(Image-caption web data)
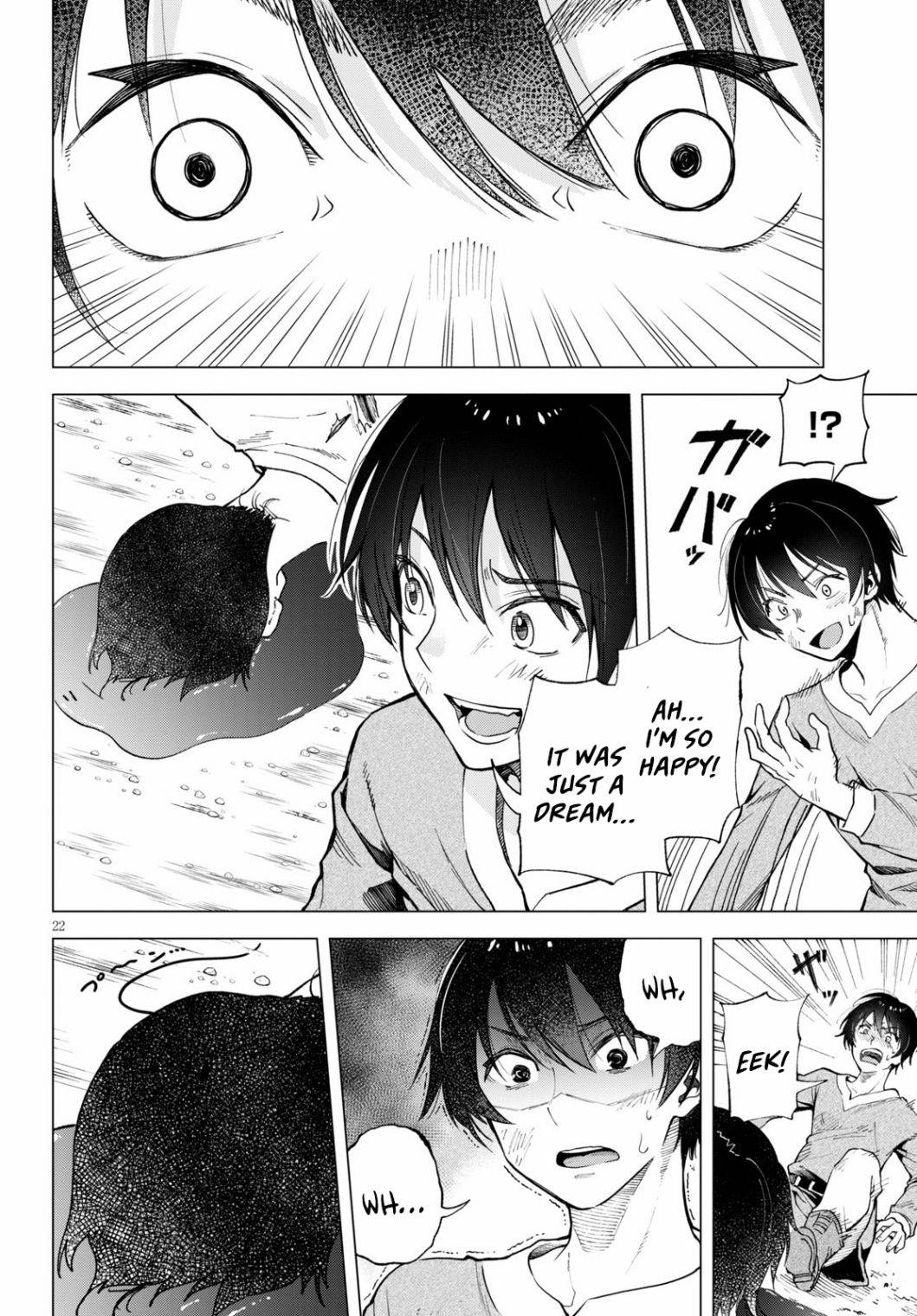 Page 21 of Chapter 1.1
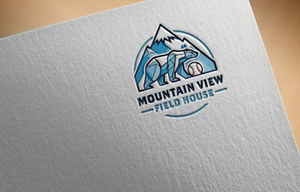 Logo Design by vmeskat for Gamers Sports Travel | Design: #36475549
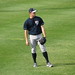 David Mccoy Photo 20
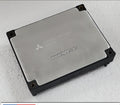J2-Q05B-E-W-MITSUBISHI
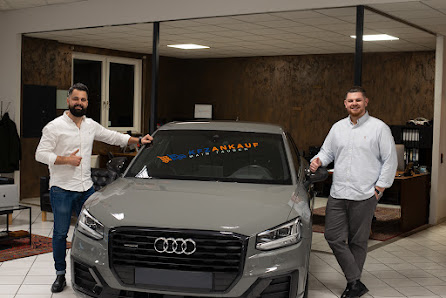 KFZ ANKAUF Main Tauber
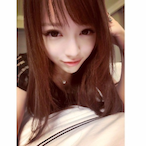 TFC_Panda's Avatar'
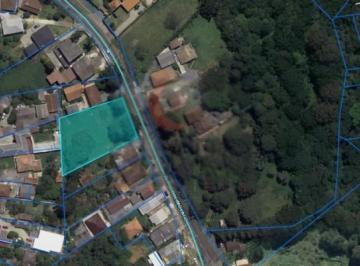 298413010.jpg · EXCELENTE TERRENO A VENDA NO BAIRRO TABOÃO, CURITIBA/PR | 1.863,50m²
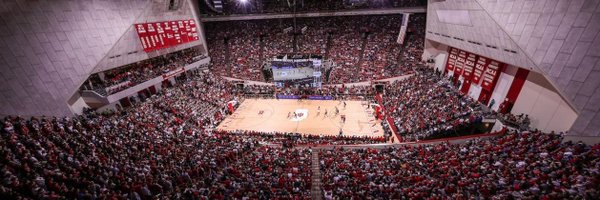 hunter_rice_ Profile Banner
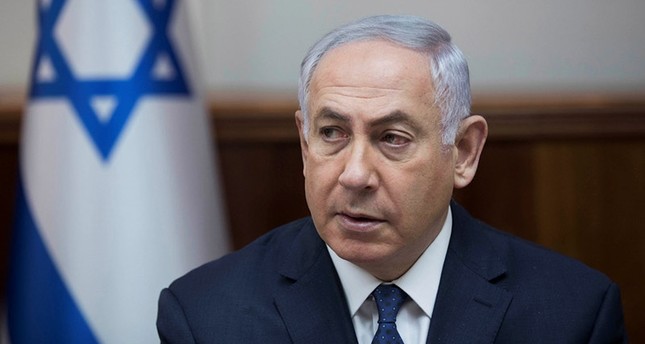 בילד: שטאב הויפט פון נתניהו וועט עדות זאגן קען אים בילד: שטאב הויפט פון נתניהו וועט עדות זאגן קען אים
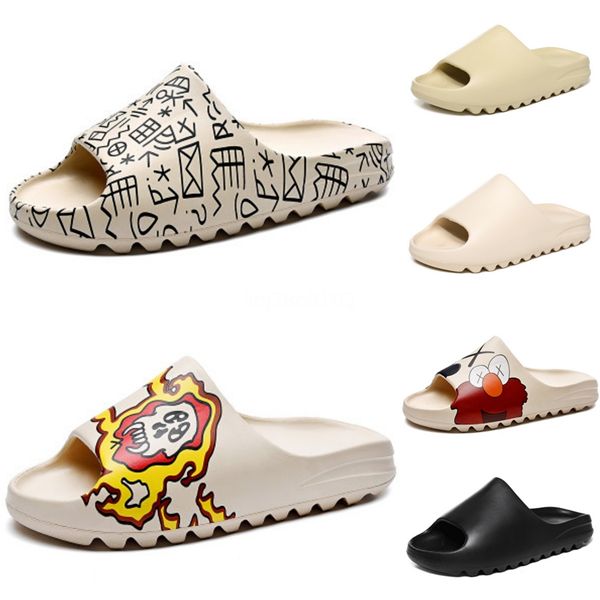 women sandals shoes femmes sandales women men sandalias mujer 2020 de for female chaussures zapatos sandale femme summer rainbow#147, Black;grey
women sandals shoes femmes sandales women men sandalias mujer 2020 de for female chaussures zapatos sandale femme summer rainbow#147, Black;grey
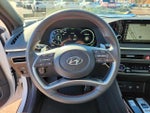 2023 Sonata Thumbnail 18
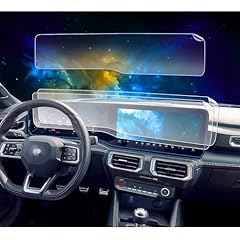 2pack 2024 mustang for sale  Delivered anywhere in USA 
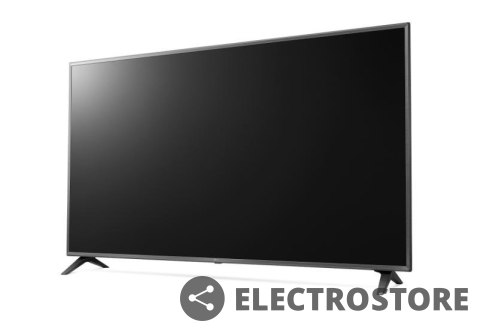 LG Electronics Telewizor LED 65 cali 65UQ751C LG Electronics Telewizor LED 65 cali 65UQ751C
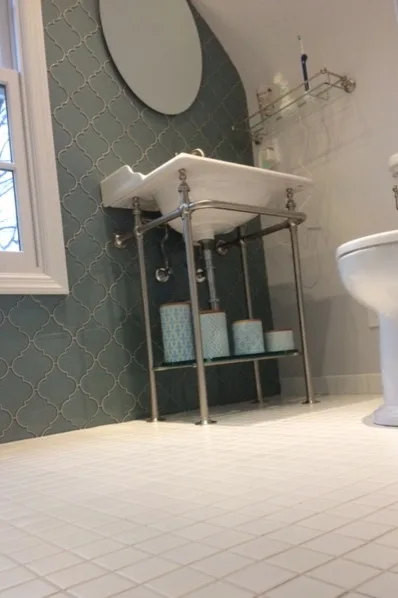 Stover Interior Solutions, LLC. - Photo 5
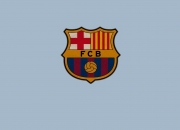 熊猫体育官方网站-当斗牛士席卷非洲雄鹰，梅西跨界接管NBA总决赛的传奇之夜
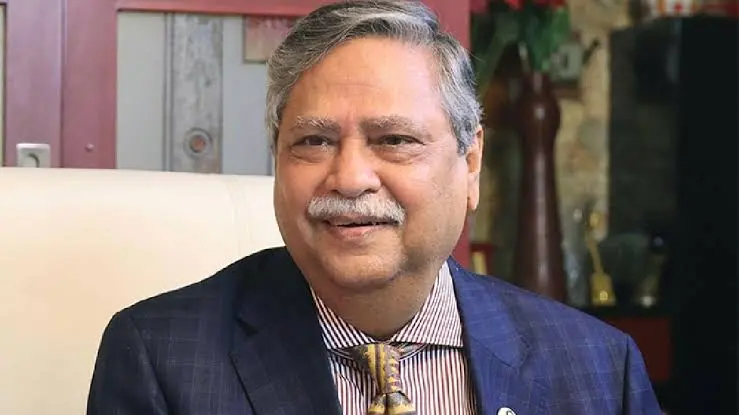 बंगलादेशका राष्ट्रपति शाहाबुद्दिनले दिए राजीनामा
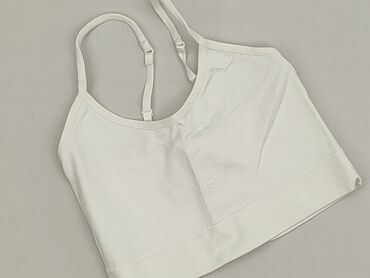 Women`s T-shirt, size S (EU 36)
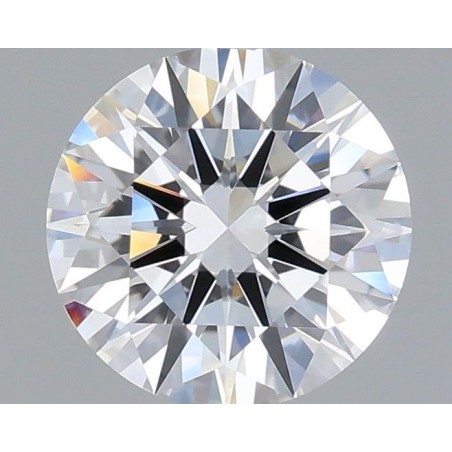 Diament szlif okrągły, 0.83ct, VS1, E, GIA 1547369536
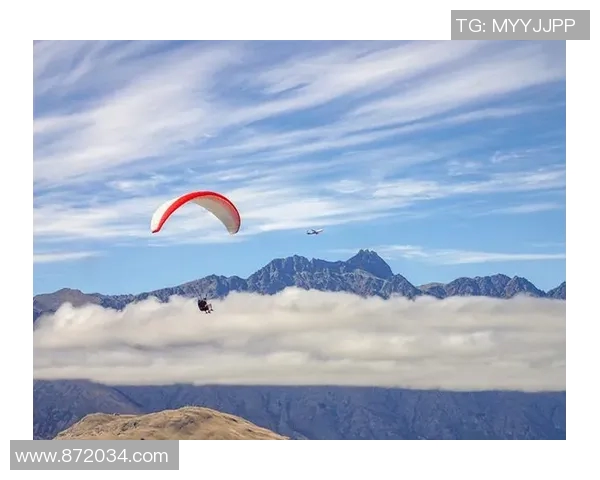 聚焦极限运动：探讨北京极限运动队的意识形态与文化认同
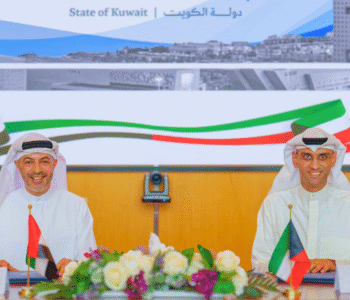 AI investment partnerships with sovereign wealth funds in Asia. AI Infrastructure Partnership. BlackRock.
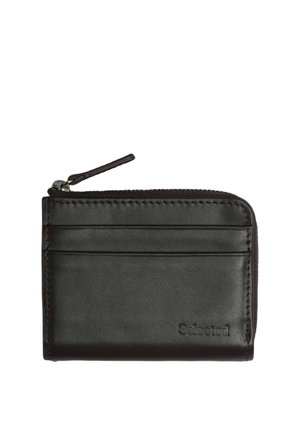 Selected Portofel - delicioso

#### Task goal:
Skip the pictures and reproduce all remaining entries exactly.

#### Task solution:
 Page 21 of Chapter 1.1
 Logo Design by vmeskat for Gamers Sports Travel | Design: #36475549
 David Mccoy Photo 20
J2-Q05B-E-W-MITSUBISHI
 KFZ ANKAUF Main Tauber
 TFC_Panda's Avatar'
 298413010.jpg · EXCELENTE TERRENO A VENDA NO BAIRRO TABOÃO, CURITIBA/PR | 1.863,50m²
 hunter_rice_ Profile Banner
 בילד: שטאב הויפט פון נתניהו וועט עדות זאגן קען אים בילד: שטאב הויפט פון נתניהו וועט עדות זאגן קען אים
 women sandals shoes femmes sandales women men sandalias mujer 2020 de for female chaussures zapatos sandale femme summer rainbow#147, Black;grey
women sandals shoes femmes sandales women men sandalias mujer 2020 de for female chaussures zapatos sandale femme summer rainbow#147, Black;grey
 2023 Sonata Thumbnail 18
 2pack 2024 mustang for sale  Delivered anywhere in USA 
 LG Electronics Telewizor LED 65 cali 65UQ751C LG Electronics Telewizor LED 65 cali 65UQ751C
 Stover Interior Solutions, LLC. - Photo 5
 熊猫体育官方网站-当斗牛士席卷非洲雄鹰，梅西跨界接管NBA总决赛的传奇之夜
 बंगलादेशका राष्ट्रपति शाहाबुद्दिनले दिए राजीनामा
 Women`s T-shirt, size S (EU 36)
 Diament szlif okrągły, 0.83ct, VS1, E, GIA 1547369536
 聚焦极限运动：探讨北京极限运动队的意识形态与文化认同
 AI investment partnerships with sovereign wealth funds in Asia. AI Infrastructure Partnership. BlackRock.
 Selected Portofel - delicioso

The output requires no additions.